Breslin and Nivola both received praise for their performances. The Washington Posts Ann Hornaday called them "a terrific mismatched pair" that can "harmonize not only figuratively but literally." Ian Buckwalter of NPR felt that the focus shift to its two main leads in the second half improves the film slightly, saying that "Breslin remains as charismatic and instantly likable as she was in her Oscar-nominated role in Little Miss Sunshine, and the often under-the-radar Nivola shows the makings of a star." He added that the film carries a "lightweight sweetness" due to the chemistry between them. Bennett commended Nivola for having "the grizzled charm and arrogance of a rock star" but said the film's appeal rests on Breslin who displays "spirit and singing ability" in her role, saying that she gets "a sturdy peg for her ongoing growth as a film actor. While it's not likely to be a highlight in her career, it's no shame either." Russo also praised both actors' performances, saying that Nivola does "a convincingly edgy downward spiral" done by his character and Breslin portrays the title role like "a kid believably rolling with adults' bad behavior because she doesn't know how else to respond."
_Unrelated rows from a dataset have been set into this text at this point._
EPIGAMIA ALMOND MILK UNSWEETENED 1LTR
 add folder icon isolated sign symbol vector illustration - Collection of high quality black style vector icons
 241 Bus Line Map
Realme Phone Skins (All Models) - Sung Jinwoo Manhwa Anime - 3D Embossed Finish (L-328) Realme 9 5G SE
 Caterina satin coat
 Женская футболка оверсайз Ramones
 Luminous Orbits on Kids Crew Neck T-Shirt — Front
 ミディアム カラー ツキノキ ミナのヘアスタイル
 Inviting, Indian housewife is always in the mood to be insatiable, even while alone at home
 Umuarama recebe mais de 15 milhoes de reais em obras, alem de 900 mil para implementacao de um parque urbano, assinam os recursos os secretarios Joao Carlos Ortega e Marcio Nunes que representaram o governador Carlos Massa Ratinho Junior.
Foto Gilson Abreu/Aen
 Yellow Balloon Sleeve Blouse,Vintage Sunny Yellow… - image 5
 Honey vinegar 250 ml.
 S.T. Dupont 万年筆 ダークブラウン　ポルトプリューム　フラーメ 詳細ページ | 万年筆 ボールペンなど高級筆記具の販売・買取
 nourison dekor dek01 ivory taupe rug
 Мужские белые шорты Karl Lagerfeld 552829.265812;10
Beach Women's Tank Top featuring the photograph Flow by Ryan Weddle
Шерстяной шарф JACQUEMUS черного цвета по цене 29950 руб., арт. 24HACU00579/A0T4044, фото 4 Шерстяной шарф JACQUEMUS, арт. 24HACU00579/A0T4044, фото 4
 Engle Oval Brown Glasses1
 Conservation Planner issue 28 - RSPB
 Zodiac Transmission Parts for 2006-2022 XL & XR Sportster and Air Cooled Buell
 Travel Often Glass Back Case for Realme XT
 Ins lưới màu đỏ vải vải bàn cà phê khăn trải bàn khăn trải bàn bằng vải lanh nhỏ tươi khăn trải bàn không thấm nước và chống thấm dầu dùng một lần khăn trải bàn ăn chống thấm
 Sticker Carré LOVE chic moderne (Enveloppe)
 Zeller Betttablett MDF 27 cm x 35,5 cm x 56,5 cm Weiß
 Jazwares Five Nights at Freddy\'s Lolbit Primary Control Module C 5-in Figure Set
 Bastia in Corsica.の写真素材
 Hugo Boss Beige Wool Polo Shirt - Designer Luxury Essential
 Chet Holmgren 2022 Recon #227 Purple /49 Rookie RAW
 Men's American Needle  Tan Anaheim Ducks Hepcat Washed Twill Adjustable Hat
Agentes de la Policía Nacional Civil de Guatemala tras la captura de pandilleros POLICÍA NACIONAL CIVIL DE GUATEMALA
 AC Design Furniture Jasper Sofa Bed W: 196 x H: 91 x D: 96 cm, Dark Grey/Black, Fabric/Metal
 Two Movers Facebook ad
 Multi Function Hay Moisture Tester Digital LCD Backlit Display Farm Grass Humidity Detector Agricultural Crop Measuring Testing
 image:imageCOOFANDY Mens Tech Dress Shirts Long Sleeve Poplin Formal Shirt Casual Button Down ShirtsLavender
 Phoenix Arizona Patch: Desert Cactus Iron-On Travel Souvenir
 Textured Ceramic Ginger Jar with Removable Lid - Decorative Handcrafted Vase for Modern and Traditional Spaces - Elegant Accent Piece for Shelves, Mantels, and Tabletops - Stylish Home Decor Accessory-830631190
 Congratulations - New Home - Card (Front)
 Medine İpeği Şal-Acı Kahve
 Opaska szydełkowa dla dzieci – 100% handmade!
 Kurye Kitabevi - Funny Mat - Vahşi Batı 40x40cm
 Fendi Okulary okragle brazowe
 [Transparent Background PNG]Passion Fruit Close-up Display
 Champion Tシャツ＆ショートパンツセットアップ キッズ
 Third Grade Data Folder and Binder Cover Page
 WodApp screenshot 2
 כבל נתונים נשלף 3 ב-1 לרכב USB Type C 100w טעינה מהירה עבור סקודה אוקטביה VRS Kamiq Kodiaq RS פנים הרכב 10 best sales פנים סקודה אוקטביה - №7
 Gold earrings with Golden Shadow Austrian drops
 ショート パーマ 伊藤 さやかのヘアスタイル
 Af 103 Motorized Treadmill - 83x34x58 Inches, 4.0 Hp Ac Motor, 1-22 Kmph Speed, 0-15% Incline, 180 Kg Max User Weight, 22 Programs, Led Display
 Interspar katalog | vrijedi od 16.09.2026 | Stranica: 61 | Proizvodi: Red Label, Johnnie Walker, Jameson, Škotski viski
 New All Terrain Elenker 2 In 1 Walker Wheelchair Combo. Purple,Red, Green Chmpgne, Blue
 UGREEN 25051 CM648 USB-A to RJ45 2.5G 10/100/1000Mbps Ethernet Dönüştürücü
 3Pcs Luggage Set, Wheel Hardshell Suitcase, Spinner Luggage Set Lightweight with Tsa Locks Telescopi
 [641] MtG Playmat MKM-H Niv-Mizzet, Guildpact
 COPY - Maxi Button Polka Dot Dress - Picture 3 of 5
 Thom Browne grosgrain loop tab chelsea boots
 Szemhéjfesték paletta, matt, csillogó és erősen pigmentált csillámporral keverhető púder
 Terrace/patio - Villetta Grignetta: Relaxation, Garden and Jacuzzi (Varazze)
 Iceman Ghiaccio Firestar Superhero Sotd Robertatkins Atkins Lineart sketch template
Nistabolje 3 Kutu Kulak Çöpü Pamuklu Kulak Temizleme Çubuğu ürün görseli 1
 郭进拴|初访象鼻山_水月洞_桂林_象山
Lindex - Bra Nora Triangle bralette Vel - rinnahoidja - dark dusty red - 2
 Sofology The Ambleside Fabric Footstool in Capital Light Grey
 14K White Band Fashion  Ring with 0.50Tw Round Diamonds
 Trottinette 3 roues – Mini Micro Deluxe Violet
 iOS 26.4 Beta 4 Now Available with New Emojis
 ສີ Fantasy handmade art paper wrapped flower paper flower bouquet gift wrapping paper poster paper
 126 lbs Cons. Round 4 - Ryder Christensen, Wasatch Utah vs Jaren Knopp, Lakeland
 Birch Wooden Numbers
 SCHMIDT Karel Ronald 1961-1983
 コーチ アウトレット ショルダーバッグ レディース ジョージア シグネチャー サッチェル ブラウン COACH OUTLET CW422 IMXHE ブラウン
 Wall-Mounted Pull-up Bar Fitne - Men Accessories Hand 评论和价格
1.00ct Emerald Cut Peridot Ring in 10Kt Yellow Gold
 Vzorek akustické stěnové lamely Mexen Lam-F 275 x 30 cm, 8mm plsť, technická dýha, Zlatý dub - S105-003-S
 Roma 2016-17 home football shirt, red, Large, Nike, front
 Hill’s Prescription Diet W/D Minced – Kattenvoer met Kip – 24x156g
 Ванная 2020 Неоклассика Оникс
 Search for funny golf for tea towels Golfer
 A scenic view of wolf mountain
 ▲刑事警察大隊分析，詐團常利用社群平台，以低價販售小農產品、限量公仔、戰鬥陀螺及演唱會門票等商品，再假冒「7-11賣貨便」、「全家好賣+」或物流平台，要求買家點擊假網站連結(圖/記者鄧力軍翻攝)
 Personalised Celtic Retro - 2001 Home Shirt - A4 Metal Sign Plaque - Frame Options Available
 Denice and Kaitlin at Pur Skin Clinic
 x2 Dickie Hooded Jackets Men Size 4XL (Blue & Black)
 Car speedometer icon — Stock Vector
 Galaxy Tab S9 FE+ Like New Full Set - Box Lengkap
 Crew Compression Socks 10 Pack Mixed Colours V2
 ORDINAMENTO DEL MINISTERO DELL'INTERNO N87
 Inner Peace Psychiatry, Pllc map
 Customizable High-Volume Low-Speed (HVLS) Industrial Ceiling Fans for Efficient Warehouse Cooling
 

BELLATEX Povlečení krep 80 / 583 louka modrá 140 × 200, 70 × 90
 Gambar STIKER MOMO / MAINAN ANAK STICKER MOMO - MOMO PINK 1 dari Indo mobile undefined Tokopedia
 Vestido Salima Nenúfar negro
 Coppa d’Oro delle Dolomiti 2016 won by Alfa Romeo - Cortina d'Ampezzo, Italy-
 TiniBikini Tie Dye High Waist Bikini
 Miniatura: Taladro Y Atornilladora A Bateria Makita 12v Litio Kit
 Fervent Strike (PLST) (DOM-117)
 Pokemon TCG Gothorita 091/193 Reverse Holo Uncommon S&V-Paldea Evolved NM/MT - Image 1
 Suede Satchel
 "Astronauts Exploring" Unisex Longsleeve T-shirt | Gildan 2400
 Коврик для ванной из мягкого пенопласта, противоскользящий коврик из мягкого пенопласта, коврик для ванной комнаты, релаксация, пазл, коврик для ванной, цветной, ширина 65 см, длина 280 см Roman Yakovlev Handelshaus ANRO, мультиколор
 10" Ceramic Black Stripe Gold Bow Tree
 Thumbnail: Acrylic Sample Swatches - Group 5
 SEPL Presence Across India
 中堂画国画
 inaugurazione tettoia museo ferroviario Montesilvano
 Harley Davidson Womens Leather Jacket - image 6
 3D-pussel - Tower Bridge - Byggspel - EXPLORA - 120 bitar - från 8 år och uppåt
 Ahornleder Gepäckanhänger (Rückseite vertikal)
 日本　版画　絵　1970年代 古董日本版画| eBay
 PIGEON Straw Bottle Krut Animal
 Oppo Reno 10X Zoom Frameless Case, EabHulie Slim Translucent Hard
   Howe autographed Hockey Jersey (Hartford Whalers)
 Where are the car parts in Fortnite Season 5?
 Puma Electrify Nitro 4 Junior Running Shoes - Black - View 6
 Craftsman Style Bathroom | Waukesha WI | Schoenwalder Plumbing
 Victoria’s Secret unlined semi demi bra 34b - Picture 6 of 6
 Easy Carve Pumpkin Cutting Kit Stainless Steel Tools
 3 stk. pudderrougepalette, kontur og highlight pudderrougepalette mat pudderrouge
In a review for the Los Angeles Times, Robert Abele said that Nivola "does a serviceable job conveying a certain kind of brittle, hotheaded flameout with remnants of musical soulfulness worth reviving" but felt that Breslin wasn't given much opposite him in a role that "should feel like more of a title character than a programmatic catalyst for his redemptive change."

Frances Fisher was nominated for Best Supporting Actress by the Chlotrudis Society for Independent Films for her work in the film, but ultimately lost to Lesley Manville for Another Year.